# What the exercise asks
Please copy the lines below, exactly as they are, from the one with "ワークマンプラス松江店周辺の地図" through the one with "Eyelike pudendal Silicone", and leave out the pictures.

# Exercise inputs
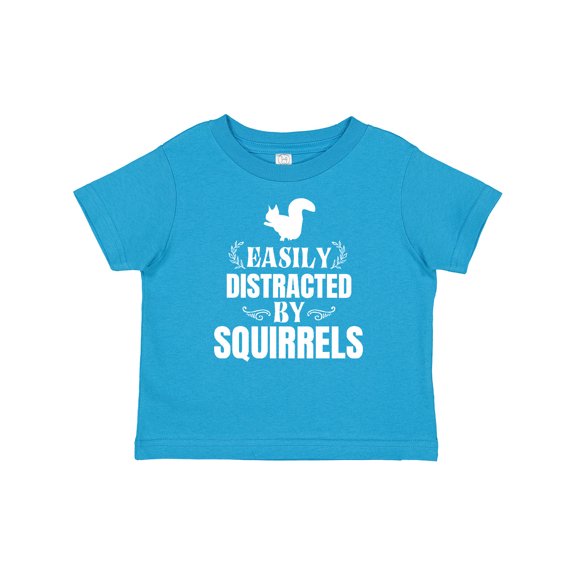 Inktastic Easily Distracted by Squirrels Boys or Girls Baby T-Shirt
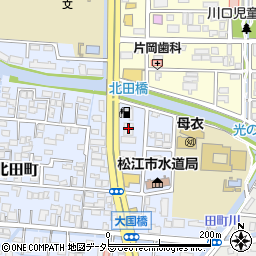 ワークマンプラス松江店周辺の地図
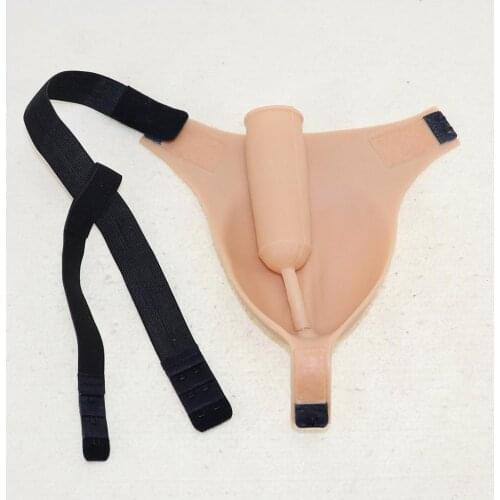 Eyelike pudendal Silicone vagina T-back Vagina Panty Can Pee Fake Vagina Drag Queen Shemale Transformation Panties Hide JJ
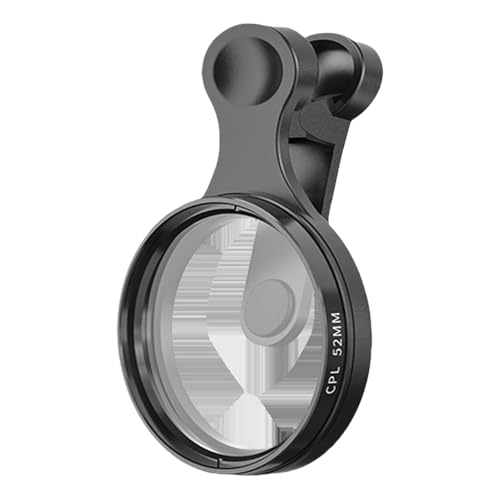 CPL-Filter - Filter Für Handykameraobjektive | Filter Für Handykameraobjektive | 52-mm-Clip-Zirkular-Polarisationsfilter | Hochauflösendes Kameraobjektiv Für Professionelle Outdoor-Fotografie Und -Vid von Generisch
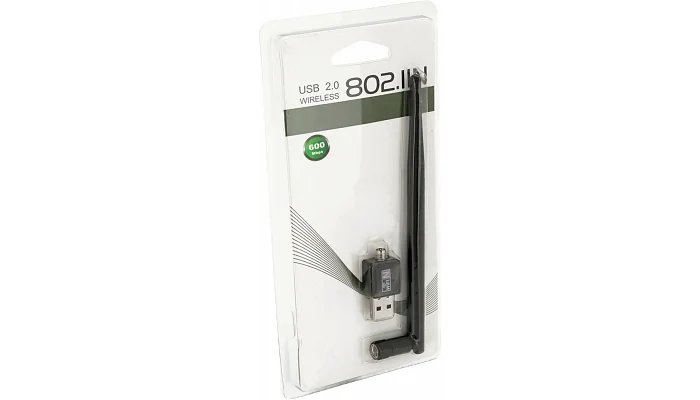 USB Wi-Fi адаптер з антеною MERLION LV-UW02-5DB (150Мбіт/с, 2.4 GHz), фото № 4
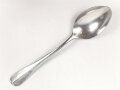 Teelöffel von der Wehrmacht aus Aluminium, datiert 1938, Gesamtlänge ca. 15 cm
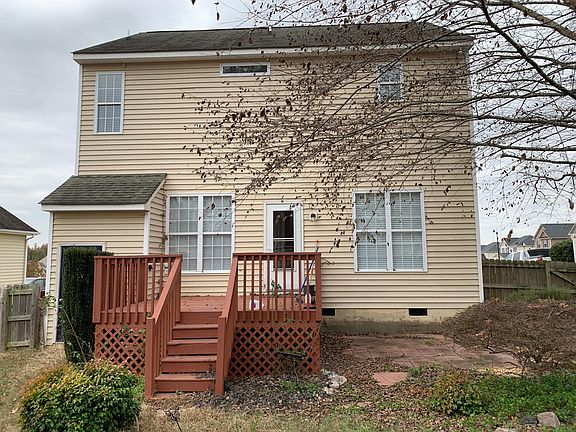 backside of the house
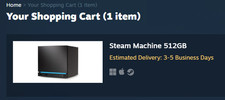 Steam Machine 512GB - Immediate Queue Order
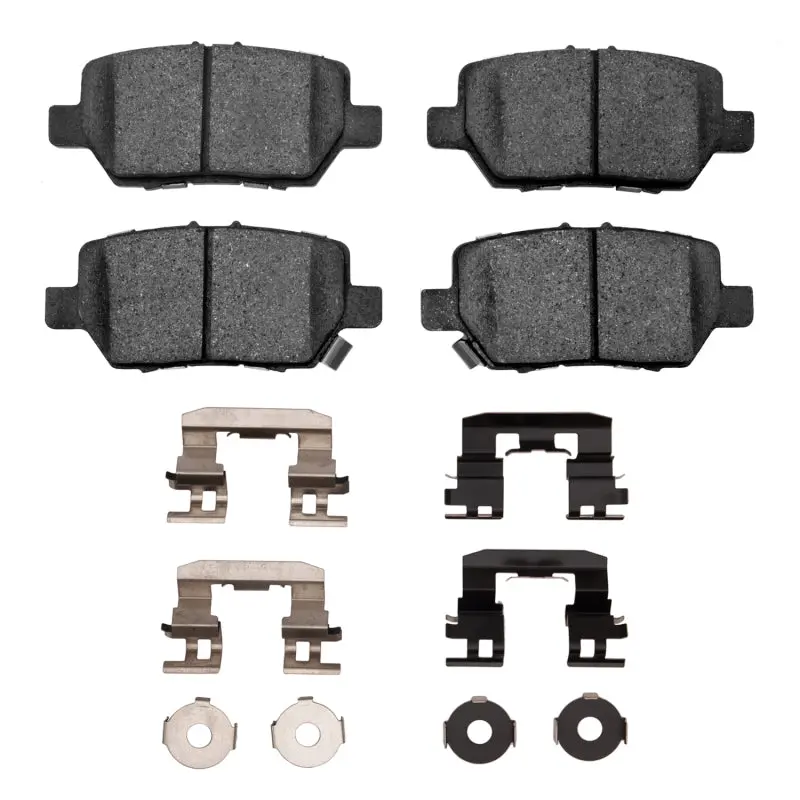 Dfc 05-12 Acura Rl Rear 4000 Hybridynamic Brake Pads And Hardware Kit 1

# Solution
 ワークマンプラス松江店周辺の地図
 Eyelike pudendal Silicone vagina T-back Vagina Panty Can Pee Fake Vagina Drag Queen Shemale Transformation Panties Hide JJ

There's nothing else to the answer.